#### WHAT THE TASK ASKS:
Print, exactly as written, the line in the entries below that contains "For iPhone 16e" and every line after it up to and including the last. Omit pictures.

#### RECORDS SUPPLIED:
========================================================================

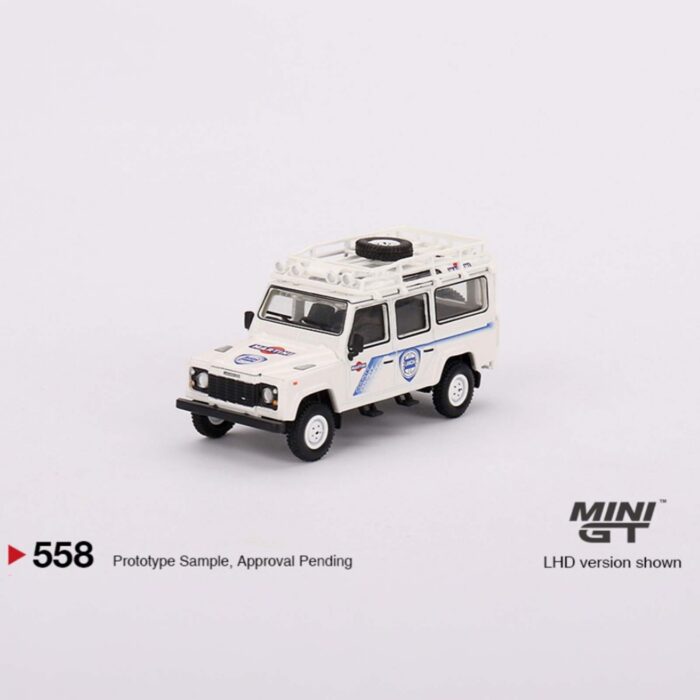 Mini Gt - Land Rover Defender 110 1991 Safary Rally Martini Support Vehicle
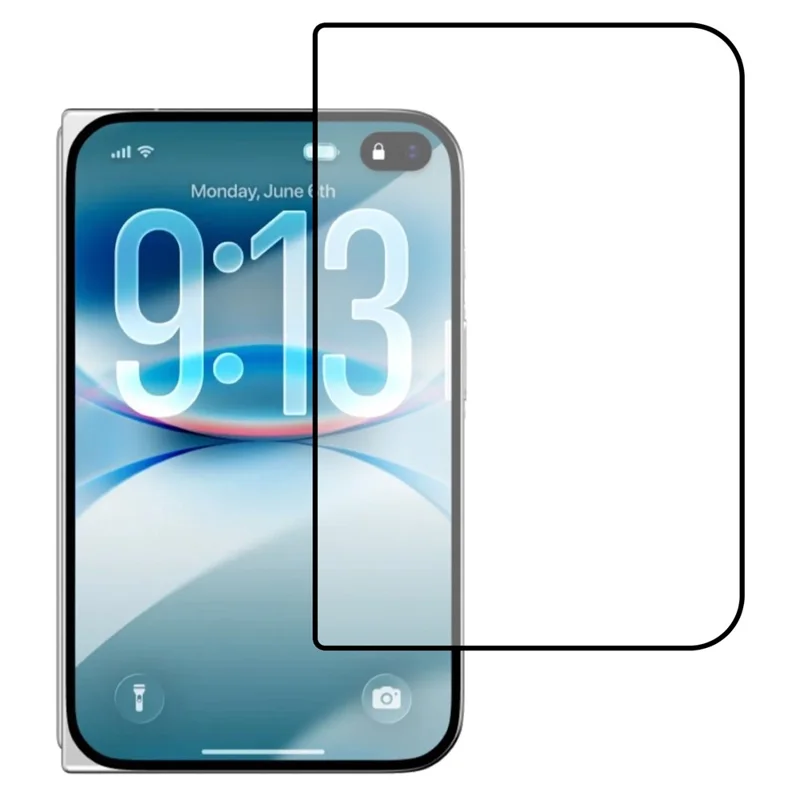For iPhone Fold Screen Protector Silk Printing Tempered Glass Full Glue Film (Outer Screen)
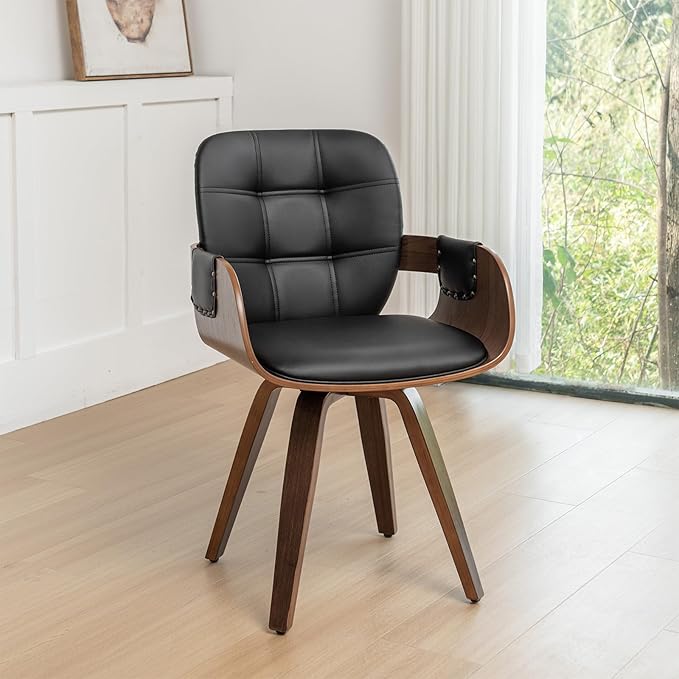 Set of 1 Mid Century Modern Chair - Swivel Dining Chair with Arms and Curved Back, Faux Leather Reception Room Chairs, Ideal for Kitchen/Living Room/Reception/Desk (Walnut Black, Set of 1)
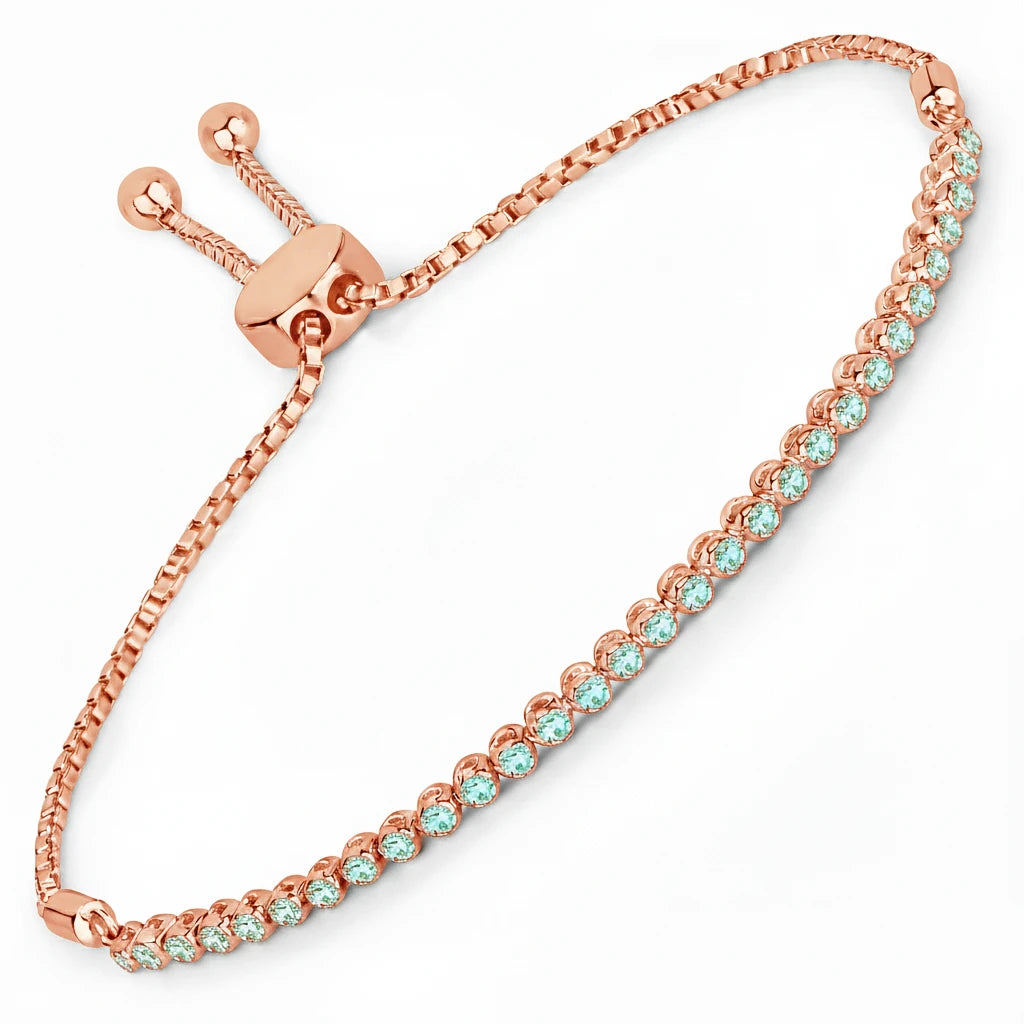 Round Bezel Set Adjustable Bracelet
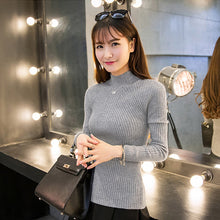 Korean Fashion Women Basic Knitted Sweater Striped Turtle Neck Long Sleeve Stretchy Elegant Pullover Top Bodycon Ribbed Knitwear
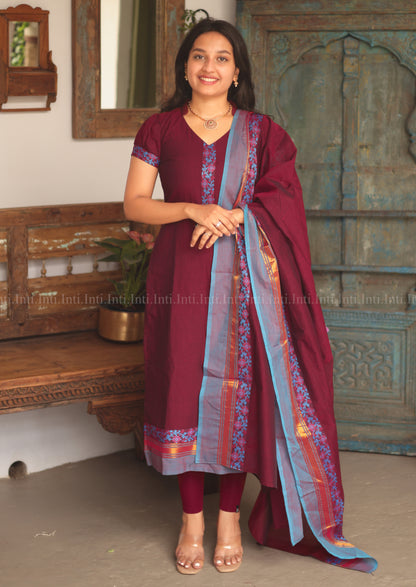 Vintage Ruby Top & Dupatta Set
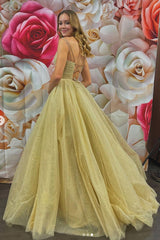 Gold Prom Dress V Neck Tulle Long Formal Gown Evening Dress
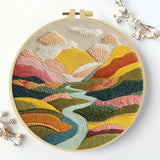 Colorful Mountain Landscape Embroidery Kit – Modern Sunset Valley DIY Hand Stitch Art with Hoop & Threads 🌄🧵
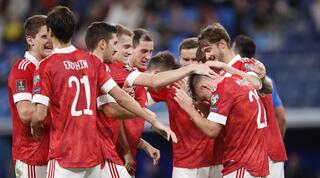 שחקני רוסיה חוגגים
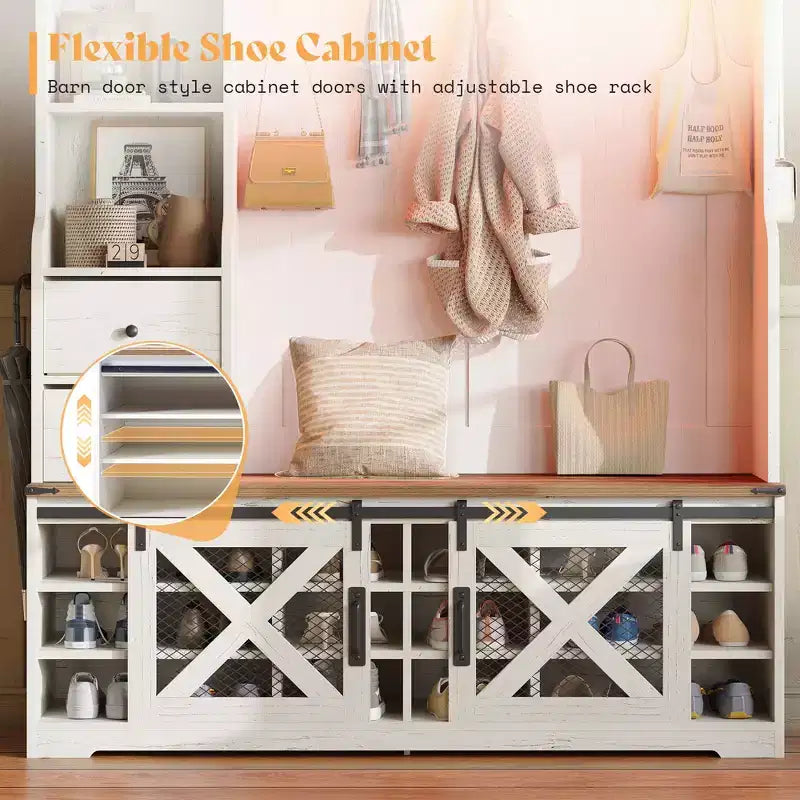 Arbre d'entrée de style campagnard 7 en 1 avec banc, meuble à chaussures, lumières LED et tiroirs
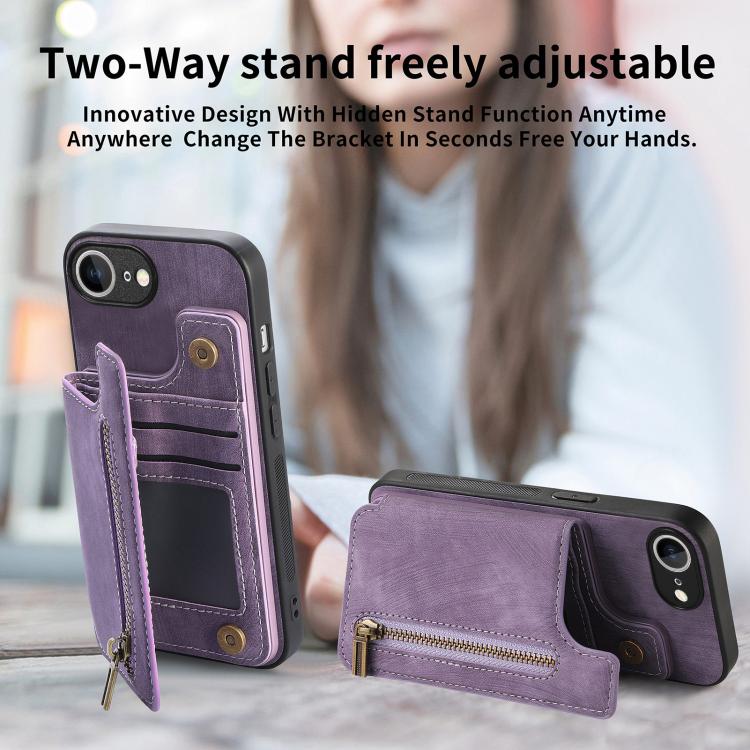 For iPhone 16e Retro Leather Zipper Wallet Back Phone Case(Purple)
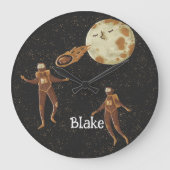 Kinderzimmer-Dekoration für Jungen im Astronauten- Große Wanduhr (Vorderseite)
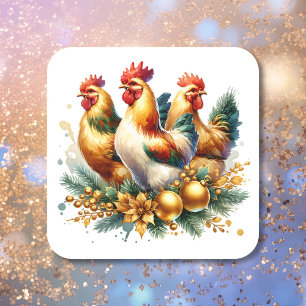 Sticker Carré Trois poules françaises Douze jours de Noël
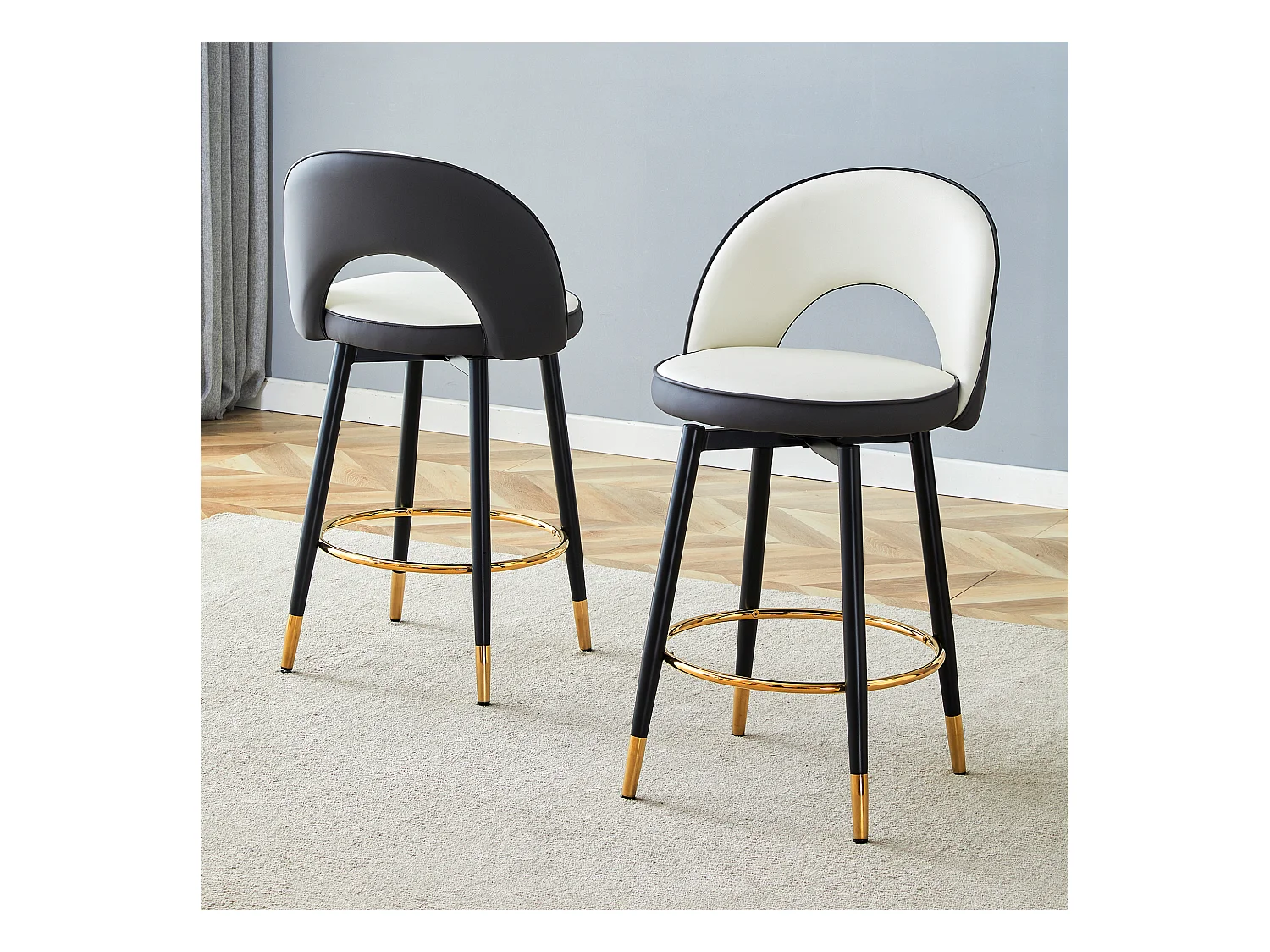 Lot de 2 tabourets de bar - Tabouret de bar pivotant avec dossier et repose-pieds en métal - blanc et gris PU - pour salles à manger et terrasses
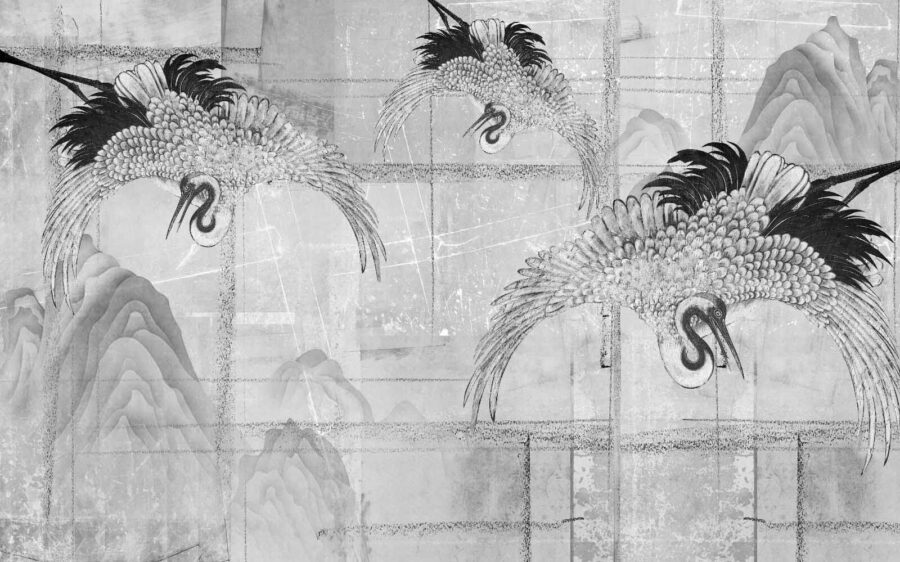 Black and white image of birds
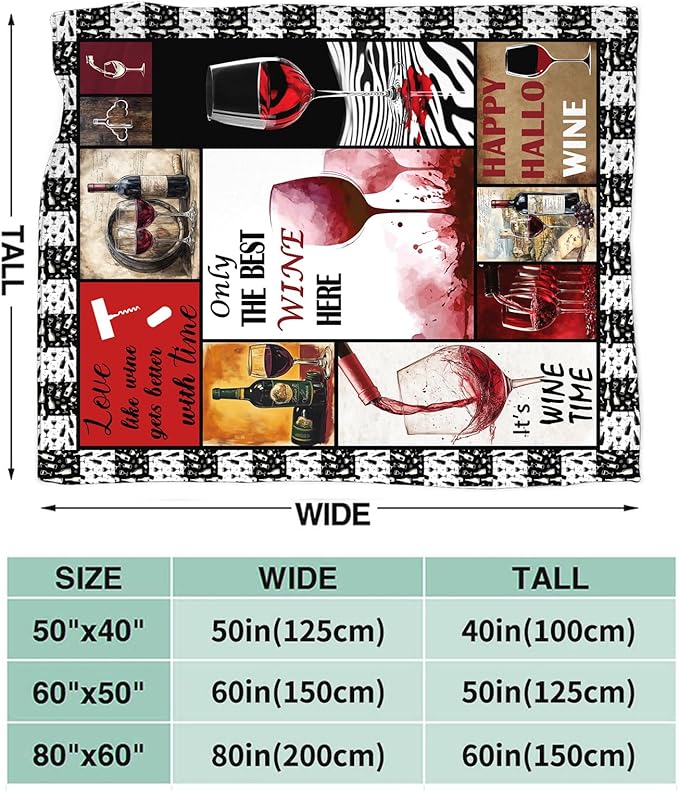 Red Wine Blanket for Women, Wine Lover Fleece Blanket Gifts for Boys Girls, Warm Cozy Soft Flannel Stuff for Bed Sofa Couch 50" x 40"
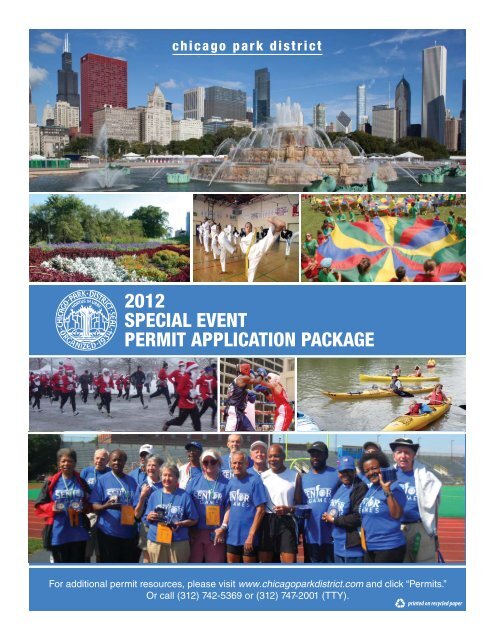 2012 Special Event Permit Application Package Chicago Park District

========================================================================

#### ANSWER SECTION:
 For iPhone 16e Retro Leather Zipper Wallet Back Phone Case(Purple)
 Kinderzimmer-Dekoration für Jungen im Astronauten- Große Wanduhr (Vorderseite)
 Sticker Carré Trois poules françaises Douze jours de Noël
 Lot de 2 tabourets de bar - Tabouret de bar pivotant avec dossier et repose-pieds en métal - blanc et gris PU - pour salles à manger et terrasses
 Black and white image of birds
 Red Wine Blanket for Women, Wine Lover Fleece Blanket Gifts for Boys Girls, Warm Cozy Soft Flannel Stuff for Bed Sofa Couch 50" x 40"
 2012 Special Event Permit Application Package Chicago Park District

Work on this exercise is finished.